Out of 170 firms in Chicago that employed colored women for the first time during the war, 42, or 24 per cent, were hotels or restaurants, which hired them as kitchen help or bus girls. Twenty-one, or 12 per cent, were hotels or apartment houses which hired them as chambermaids. Nineteen laundries, 12 garment-factories, seven stores, and eight firms, hiring laborers and janltresses, make up the rest of the 170. The packing industry, of course, leads all others in employment of both colored men and women as workers. Occupations that engaged still others during the war were picture framers, capsule makers, candy wrappers, tobacco strippers, noodle makers, nut shellers, furniture sandpaperers, corset repairers, paper box makers. Ice cream cone strippers, poultry dressers and bucket makers.

In a building near the public library is a colored woman who conducts a hair-dressing parlor. She employs three white girls. All the patrons are white. The proprietress herself could easily pass for a Brazilian banana planter's widow, of Spanish Caucasian blood. But as she frankly admits that she is one-eighth African and seven-eighths Caucasian, she has been refused admission to other buildings when she wished for various reasons to change the location of her establishment.

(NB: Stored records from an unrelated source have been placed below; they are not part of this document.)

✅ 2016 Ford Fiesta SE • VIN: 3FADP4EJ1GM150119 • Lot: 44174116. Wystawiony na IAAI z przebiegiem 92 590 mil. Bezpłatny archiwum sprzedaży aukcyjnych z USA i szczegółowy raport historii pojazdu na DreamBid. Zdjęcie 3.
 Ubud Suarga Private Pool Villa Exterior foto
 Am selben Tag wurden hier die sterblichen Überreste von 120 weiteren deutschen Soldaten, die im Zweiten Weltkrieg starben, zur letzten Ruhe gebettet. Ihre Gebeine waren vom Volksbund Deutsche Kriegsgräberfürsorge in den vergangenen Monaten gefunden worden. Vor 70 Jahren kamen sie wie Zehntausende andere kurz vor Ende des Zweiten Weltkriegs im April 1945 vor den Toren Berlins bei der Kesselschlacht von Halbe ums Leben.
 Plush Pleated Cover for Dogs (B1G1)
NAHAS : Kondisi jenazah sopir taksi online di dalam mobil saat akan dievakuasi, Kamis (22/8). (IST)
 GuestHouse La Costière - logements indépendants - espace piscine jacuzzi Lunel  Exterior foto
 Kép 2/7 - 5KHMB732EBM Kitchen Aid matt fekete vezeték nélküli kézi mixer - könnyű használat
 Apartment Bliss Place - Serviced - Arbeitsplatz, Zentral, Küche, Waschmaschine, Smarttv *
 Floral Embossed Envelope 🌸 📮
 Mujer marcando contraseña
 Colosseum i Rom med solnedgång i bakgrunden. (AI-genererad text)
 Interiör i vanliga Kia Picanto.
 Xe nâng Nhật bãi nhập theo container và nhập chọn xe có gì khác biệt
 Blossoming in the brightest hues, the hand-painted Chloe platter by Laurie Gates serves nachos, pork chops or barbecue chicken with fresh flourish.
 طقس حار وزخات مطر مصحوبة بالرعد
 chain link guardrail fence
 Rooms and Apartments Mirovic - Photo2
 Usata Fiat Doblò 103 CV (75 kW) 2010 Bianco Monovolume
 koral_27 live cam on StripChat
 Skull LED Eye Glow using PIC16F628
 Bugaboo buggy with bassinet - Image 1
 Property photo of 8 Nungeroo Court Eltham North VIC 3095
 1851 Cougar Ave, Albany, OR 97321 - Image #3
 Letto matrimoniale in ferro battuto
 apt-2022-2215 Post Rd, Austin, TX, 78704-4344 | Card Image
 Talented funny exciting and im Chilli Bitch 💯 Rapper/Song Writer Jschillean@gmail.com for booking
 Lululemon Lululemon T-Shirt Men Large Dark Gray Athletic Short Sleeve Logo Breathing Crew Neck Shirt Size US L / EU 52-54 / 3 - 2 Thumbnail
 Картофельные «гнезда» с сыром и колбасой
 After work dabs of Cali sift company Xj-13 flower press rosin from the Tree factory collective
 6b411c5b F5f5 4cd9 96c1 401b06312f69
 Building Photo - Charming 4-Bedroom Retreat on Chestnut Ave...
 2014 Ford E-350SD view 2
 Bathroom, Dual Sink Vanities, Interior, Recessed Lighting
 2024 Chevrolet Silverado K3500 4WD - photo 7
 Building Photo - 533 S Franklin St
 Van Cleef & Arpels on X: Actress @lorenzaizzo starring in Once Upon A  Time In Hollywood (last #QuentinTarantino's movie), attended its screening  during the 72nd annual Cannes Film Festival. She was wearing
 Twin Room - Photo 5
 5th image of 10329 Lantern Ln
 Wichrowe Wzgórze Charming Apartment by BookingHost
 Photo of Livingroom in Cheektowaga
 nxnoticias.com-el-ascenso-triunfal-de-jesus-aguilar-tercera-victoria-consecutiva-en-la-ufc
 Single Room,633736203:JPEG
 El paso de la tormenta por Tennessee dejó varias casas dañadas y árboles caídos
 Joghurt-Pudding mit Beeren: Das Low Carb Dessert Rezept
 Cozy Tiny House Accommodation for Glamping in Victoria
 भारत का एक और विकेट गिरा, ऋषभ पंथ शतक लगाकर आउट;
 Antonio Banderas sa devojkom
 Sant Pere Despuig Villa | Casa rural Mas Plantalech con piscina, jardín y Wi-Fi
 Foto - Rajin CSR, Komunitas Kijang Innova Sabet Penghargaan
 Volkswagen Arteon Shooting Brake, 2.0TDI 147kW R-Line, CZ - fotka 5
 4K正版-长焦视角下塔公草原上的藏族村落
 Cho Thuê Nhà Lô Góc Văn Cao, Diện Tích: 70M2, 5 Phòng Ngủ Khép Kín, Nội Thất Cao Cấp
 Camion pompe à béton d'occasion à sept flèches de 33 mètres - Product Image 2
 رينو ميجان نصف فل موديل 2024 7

Here and there, slowly and by degrees, the line of color discrimination breaks. A large chain of dairy lunchrooms in Chicago employs colored bus girls, cooks and dishwashers and depends almost entirely on colored help to do the rougher work.

More notable yet is the fact that a downtown business college informs employment bureaus that it is able to place any and all colored graduates of the college in positions as stenographers and typists. In a few loop stores colored salesgirls are employed. In one shoe store beginning this policy, a white girl filed complaint. The manager investlgated and found there was no objection except from this one white girl, who was thereupon dismissed.

A mattress factory opened wage earning opportunities to colored women in the last year. Two taxicab companies now hire women as cleaners. The foregoing list of occupations just about completes the recital of progress in this regard in Chicago in the last year.

Colored women were occupied during the war in various cities in making soldiers' uniforms, horses' gas masks, belts, puttees, leggings, razor blade cases, gloves, veils, embroideries, raincoats, books, cigars, cigarettes, dyed furs, millinery, candy, artificial feathers, buttons, toys, marabou and women's garments.

The comment of a trained industrial observer on the colored woman as a machine operator is as follows:

"Few as yet are skilled as machine or hand operators. Because of their newness to industrial work, the majority have been put on processes requiring no training and small manual ability. They are employed at repetitive hand operations, and occasionally run a foot press or a power sewing machine. In one millinery shop, however, the superintendent said that every colored worker in his shop preferred machine operation to hand work.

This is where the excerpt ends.